• PROBLEM TO SOLVE
Copy exactly the line that contains "2013 Toyota Sienna" plus all remaining lines of the data, and leave out every line before it.
# # # #
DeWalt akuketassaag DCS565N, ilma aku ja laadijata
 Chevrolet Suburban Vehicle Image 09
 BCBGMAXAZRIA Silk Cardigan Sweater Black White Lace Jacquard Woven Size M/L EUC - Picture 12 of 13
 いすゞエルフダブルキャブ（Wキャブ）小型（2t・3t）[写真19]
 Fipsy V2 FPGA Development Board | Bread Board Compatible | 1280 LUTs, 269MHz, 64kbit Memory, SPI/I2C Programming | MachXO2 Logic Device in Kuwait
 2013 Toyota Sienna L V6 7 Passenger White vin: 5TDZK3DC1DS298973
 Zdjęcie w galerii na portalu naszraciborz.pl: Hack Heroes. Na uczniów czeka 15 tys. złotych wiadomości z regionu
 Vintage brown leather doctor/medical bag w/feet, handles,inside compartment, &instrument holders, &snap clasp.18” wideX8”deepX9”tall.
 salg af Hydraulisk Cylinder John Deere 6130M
# # # #
• YOUR SOLUTION
 2013 Toyota Sienna L V6 7 Passenger White vin: 5TDZK3DC1DS298973
 Zdjęcie w galerii na portalu naszraciborz.pl: Hack Heroes. Na uczniów czeka 15 tys. złotych wiadomości z regionu
 Vintage brown leather doctor/medical bag w/feet, handles,inside compartment, &instrument holders, &snap clasp.18” wideX8”deepX9”tall.
 salg af Hydraulisk Cylinder John Deere 6130M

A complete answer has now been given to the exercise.